**Instructions to follow**: Having located the line with "Boulder Gray/Super Black", print it and each remaining line exactly, stopping at the end of the material and omitting pictures.

╭──

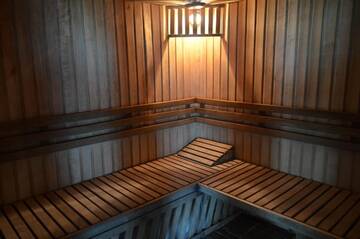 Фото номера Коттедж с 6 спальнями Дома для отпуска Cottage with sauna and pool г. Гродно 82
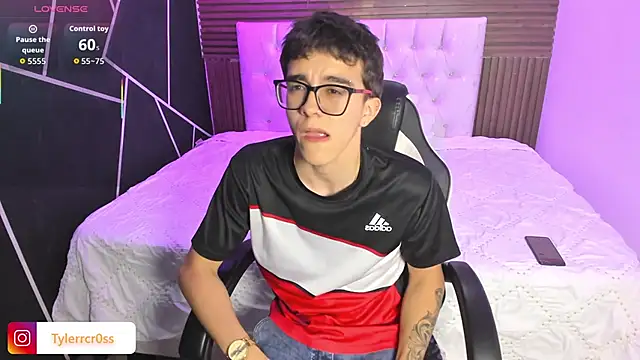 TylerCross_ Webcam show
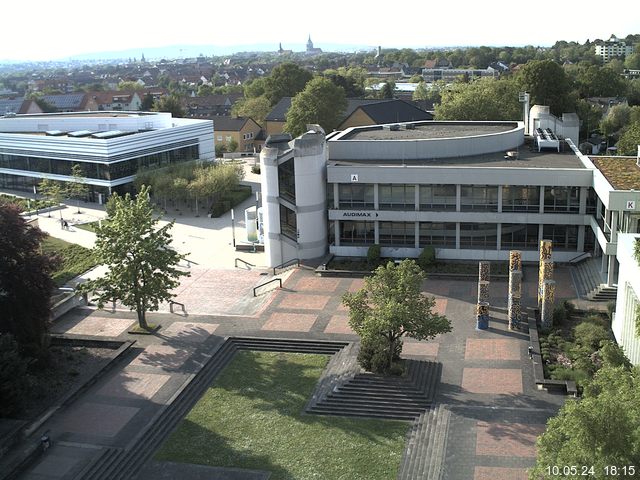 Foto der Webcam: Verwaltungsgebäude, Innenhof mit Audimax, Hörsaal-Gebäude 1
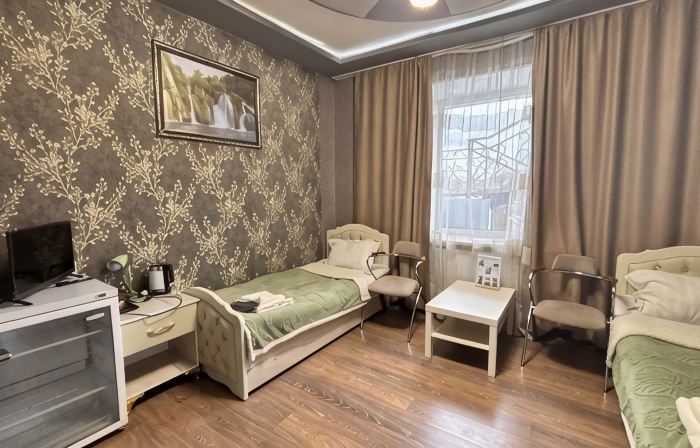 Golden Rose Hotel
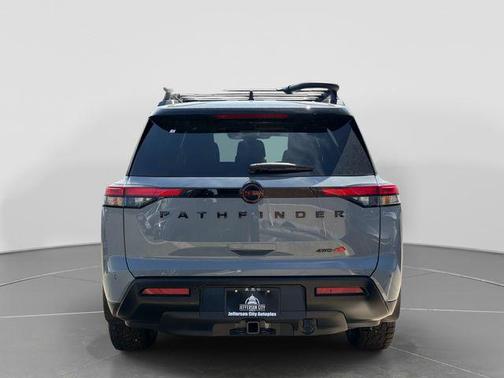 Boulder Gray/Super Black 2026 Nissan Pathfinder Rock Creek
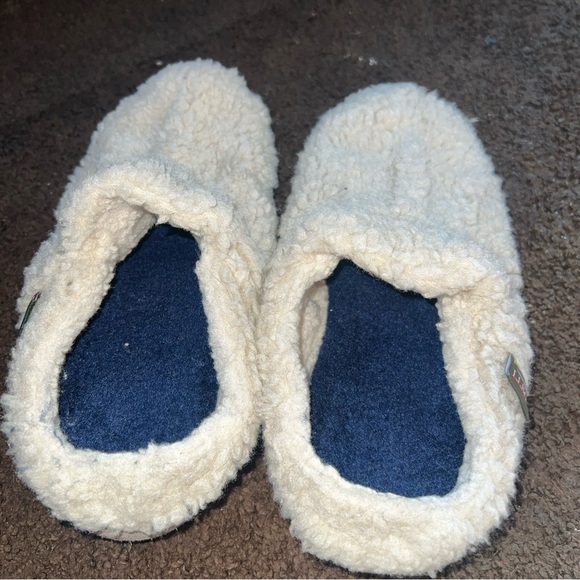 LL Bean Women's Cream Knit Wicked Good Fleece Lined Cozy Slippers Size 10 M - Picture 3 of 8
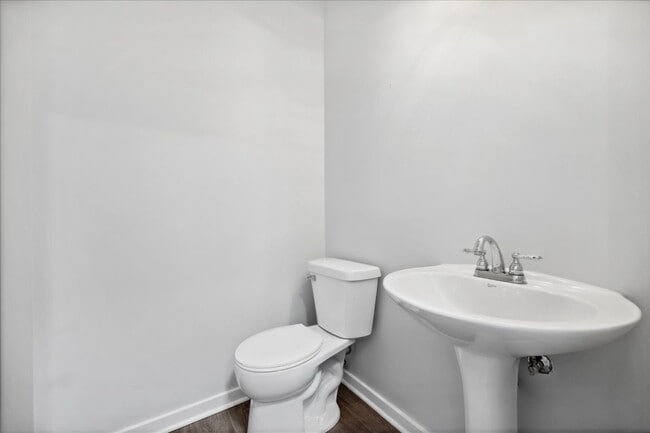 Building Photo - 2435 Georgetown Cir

╰──

**Finished exercise**:
 Boulder Gray/Super Black 2026 Nissan Pathfinder Rock Creek
 LL Bean Women's Cream Knit Wicked Good Fleece Lined Cozy Slippers Size 10 M - Picture 3 of 8
 Building Photo - 2435 Georgetown Cir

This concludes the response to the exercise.